The hypotenuse of an isosceles right angled triangle has its ends at the points $(1,3)$ and $(-4,1)$. Find the equation of the legs (perpendicular sides) of the triangle.
My Approach,
Since the triangle us an isosceles right angles triangle, it has three angles $90°$, $45°$ and $45°$ respectively.
Also, the equation of the hypotenuse is given by: $$y-y_1=\frac {y_2-y_1}{x_2-x_1} (x-x_1)$$ $$y-3=\frac {1-3}{-4-1} (x-1)$$ $$y-3=\frac {2}{5} (x-1)$$ $$5y-15=2x-2$$ $$2x-5y+13=0$$
I am stuck at here. Please help me to complete it.

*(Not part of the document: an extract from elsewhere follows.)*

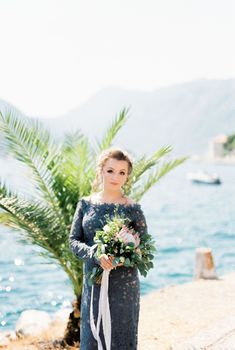Bride with a bouquet of flowers stands on a pier by the sea against the backdrop of mountains. High quality photo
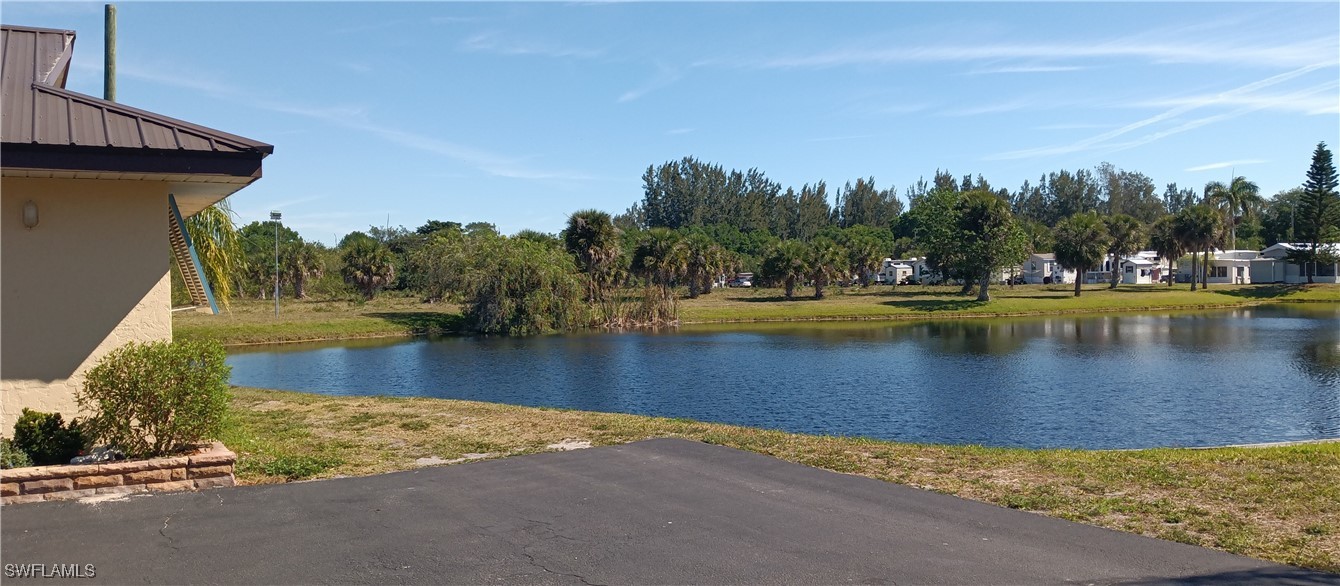 1159 Daniels Road Moore Haven, FL 33471 - Photo 11 of 21 a view of a swimming pool with an outdoor space and seating area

For an isosceles right angled triangle, the perpendicular from the vertex opposite the hypotenuse to the hypotenuse bisects the hypotenuse. Moreover, its length is equal to half the length of the hypotenuse.
So, it is easy to find the third vertex. By the mid-point formula, the mid-point of the hypotenuse is, $$x_m=\frac{1-4}{2}=-\frac{3}{2}$$ $$y_m=\frac{3+1}{2}=2$$
Now, find the distance between this and any end point. The length of the perpendicular is the same distance. Moreover, the slope of the perpendicular is the negative of the reciprocal of the slope of the hypotenuse, a property of perpendicular lines. So, the equation of the perpendicular can be found and the third vertex can be found.
Using the two point form of the equation of a line, the equations of the legs can also be found.